Novo também é o senso de covardia cada vez mais apurado, enquanto os dias passam, o medo se manifesta de outras formas e nisso o acento deste senso se faz presente num canto único de meu sofá, com marca de uso na almofada e tudo mais que houver de demarcador dessa qualidade afinada.
Quanto mais me dou conta, mais ele cresce, o senso, mais ela se faz vista, a covardia, mais eu a sinto, mas elaborada fica e monstruosa segue ganhando o espaço total da sala.
Inclusive eu já tive a ideia de um texto sobre coragem e covardia na moda. Nunca o o escrevi. Mas hoje algo novo se deu no ciclo de repetições e eu me toquei de que: quando aconselhamos outras pessoas, estamos aconselhando a nós mesmos.
A anjinha que me fez perceber-me num espelho foi minha amiga e fotógrafa Daiane Maiara. Era um papo sobre as preocupações dela a respeito de roupas para pessoas gordas, tamahos plus size, grade de tamanhos defasadas nas ofertas das lojas e teorias bem arrumadas na cabecinha dela sobre como o mercado tinha brechas na oferta de produtos para este segmento.
Além é claro da vivência completa dela mesma nos provadores de lojas, nas “descredibilizações” de suas falas com profissionais da área, invalidando suas dores, sua necessidade.
Vi que ali Daiane tinha na conversa dela uma pesquisa incrível de mestrado, uma pesquisa empírica e muito mais para fazer nessa busca por respostas a respeito de moda, corpos gordos, ofertas de produtos, designer e muito mais que as minhas vistas não alcançam.
Eu só consegui dizer que ela visse tudo, listasse tudo e iniciasse ela mesma uma jornada em busca de respostas a respeito desses pontos todos levantados.
Ela argumentou que produtos para pessoas gordas tinham circunferência maior na cintura mas apertavam nos braços, eu lhe disse que isso era pano para manga. Um trocadilho infame que fez todo sentido.

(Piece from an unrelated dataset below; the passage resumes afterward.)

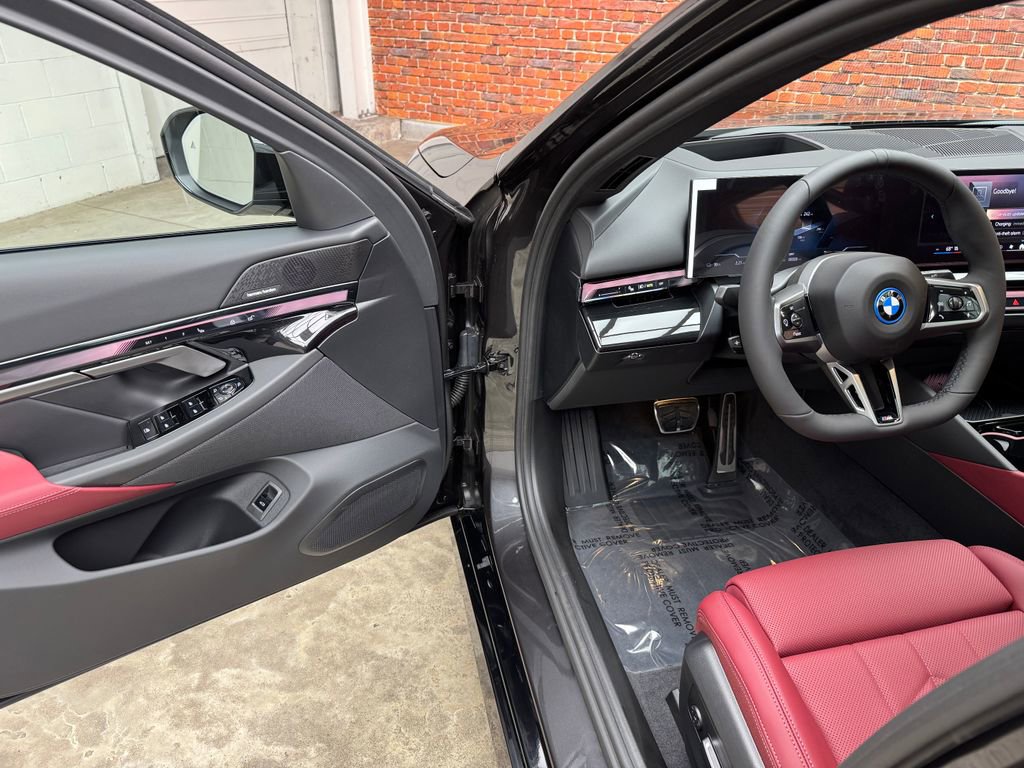 New 2026 BMW i5 eDrive40 w/ M Sport Package image 9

Sugeri um diário com escrita manual, depois um blog, mas eu já estava pensando num podcast e terminei dizendo a ela que caberia inscrever algo assim num edital para publicação de livros. Foi tão bom ver ela de olhos brilhando com as ideias.

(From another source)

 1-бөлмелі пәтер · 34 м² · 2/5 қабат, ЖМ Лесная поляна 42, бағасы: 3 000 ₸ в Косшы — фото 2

Mas foi exatamente quando saiu da minha boca a palavra blog que a ficha vinda da casa do caralho caiu no meu colo, me mantendo calado olhando para o nada na pistinha de cooper do parque florestal enquanto ela dizia coisas como: fita métrica, usar jeans apertado e tirar fotos em provadores de grandes magazines. Eu tava muito longe já.
O estalo foi que eu também devesse estar preocupado com esse algo meu que deva ser colocado para o mundo, na minha área de interesse. Olhar para isso como algo de valor para ser observado, movido e feito.
Essa semana eu quis tanto investigar umas informações loucas de uma criadora de conteúdos da minha cidade, escrever sobre e devolver uma fala muito mais embasada, concreta e melhor elaborada. Sabe, essa gente facistóide que prosperou no pós estratégia de sobrevivência empreendedora? Nossa… isso deveria me mover sabe.
E aqui estou eu. A ficha no colo, um blog online, minhas redes sociais e eu dizendo nada do que quero. Mas calma e avante, preciso seguir em frente e usar esse novo diferente que seu deu na repetição. Em janeiro do ano que vem eu não posso mais estar reclamando de não ter feito, em pleno fevereiro.
Acho que um bom campo de pesquisa pode ser essa coisa de como a comunicação se dá e acontece em meio a informalidade, nas feiras populares.
Como essas pessoas vendem? O que elas acham que é efetivo, quais as estratégias dessa comunicação informal, empírica e tão evocadora de sentidos próprios que move tanta grana, corpos, modos e resulta nessa efervescência econômica pujante (já ouvi alguém usar essa palavra e achei bonita, mas agora quando escrevi e lembrei de quem falou, achei uma palavra cansada).
É isso por hora. Meu diário começou. Na brecha das coisas que se repetem e das coisas que mudam parece que agora eu talvez esteja pronto para que sabendo disso eu deva me mover de fato.